Determined to keep the momentum going, Bowie took his band straight into the studio after touring 1. Outside, and in just under three weeks they'd cut a new album. While 1. Outside had connected the Thin White Duke with the growing alternative scene in the States (NIN, Smashing Pumpkins and Nirvana, who had covered The Man Who Sold The World during their MTV Unplugged performance), new album Earthling mashed together industrial rock with British dance beats, as pioneered by the likes of Goldie, Underworld and The Prodigy.
Rather like 1. Outside, false expectations have undermined Earthling's reputation, in particular that it's a drum'n'bass album. It's true that there are three or four tracks with machine-gunning jungle beats, but then I'm Deranged and We Prick You had already utilised rhythms from the dance underground on the previous album, Bowie treats the skittering electronic percussion as backing tracks for songs, which is light years away from the kind of time-stretching, semi-ambient material Goldie was producing.
Rather than being a second-hand replica, Earthling is another defiantly original Bowie record. It's also his most exuberant and consistently up-tempo since the early '70s with Reeves Gabrels' avant-garde guitar solos matching the power and energy of Bowie's greatest sidekicks, Mick Ronson, Robert Fripp and Adrian Belew. Tracks such as Dead Man Walking and Looking For Satellites show that Gabrels, who had been with Bowie since Tin Machine, was reaching a new peak.

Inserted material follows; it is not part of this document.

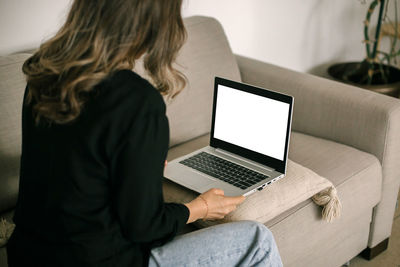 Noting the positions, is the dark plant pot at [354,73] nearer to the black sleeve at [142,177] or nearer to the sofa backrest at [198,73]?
the sofa backrest at [198,73]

Bowie also merrily curates his own past on Earthling, even conjuring up an old Ziggy-like vaudeville feel on tracks such as Little Wonder and Battle For Britain through his first-take Anthony Newley vocals. Just in case you missed it, Bowie emphatically declares this as his British album by wearing a Union Jack frock coat on the cover, imposed against an idyllic image of England's green and pleasant land.
Skip to autumn 1999, though, and Bowie is in a completely different mood, reflected in the artwork for the new album, Hours.... The image shows him cradling the spiky-haired Earthling incarnation, who looks as though he's the latest creation to be killed off by Bowie. There's an air of world-weary defeat that hangs over Hours..., an awareness of his growing cultural obsolescence. The spectre of age - Bowie was now in his early fifties - meant that he was increasingly perceived as a rather embarrassing figure attempting to "get down with the kids".

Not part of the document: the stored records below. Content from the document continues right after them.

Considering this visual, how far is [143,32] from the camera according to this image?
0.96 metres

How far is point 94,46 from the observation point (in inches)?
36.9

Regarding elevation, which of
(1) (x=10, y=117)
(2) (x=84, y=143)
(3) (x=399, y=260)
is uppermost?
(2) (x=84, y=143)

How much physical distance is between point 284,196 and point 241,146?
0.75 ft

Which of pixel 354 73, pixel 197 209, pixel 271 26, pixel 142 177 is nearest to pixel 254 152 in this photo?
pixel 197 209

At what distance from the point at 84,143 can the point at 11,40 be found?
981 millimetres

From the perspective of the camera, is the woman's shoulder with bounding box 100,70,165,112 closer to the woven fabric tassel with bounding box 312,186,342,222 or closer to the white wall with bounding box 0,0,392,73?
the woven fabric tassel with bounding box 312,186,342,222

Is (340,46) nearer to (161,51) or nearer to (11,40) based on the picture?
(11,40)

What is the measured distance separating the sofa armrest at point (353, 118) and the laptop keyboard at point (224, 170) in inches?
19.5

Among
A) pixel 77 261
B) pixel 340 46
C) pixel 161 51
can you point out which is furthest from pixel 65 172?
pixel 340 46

As a result, the newspapers were more interested in his marriage to the supermodel Iman than his recent albums, and the infamous $55 million Bowie Bonds scheme at the end of the '90s also grabbed the headlines, after which he allowed some of his back catalogue to be used as music for TV ads. This also meant that at the end of the '90s Bowie's past achievements seemed to haunt him more than ever. Yet Hours... is also a subtle move forward as further skins are shed, quietly this time rather than with a big fanfare. Self-doubt, generational fear ("I wanted to capture a universal angst felt by many people of my age"), the unreliability of memory, spiritual angst and regrets about past relationships float through the stark, dream-like songs like old ghosts.
Yet despite the melancholic echoes of his '70s work, there's also a sense of a new beginning illuminated by some ravishing melodies, especially on Survive, Seven, New Angels Of Promise and Thursday's Child, where Bowie offers a quiet optimism as he sings, "seeing my past to let it go".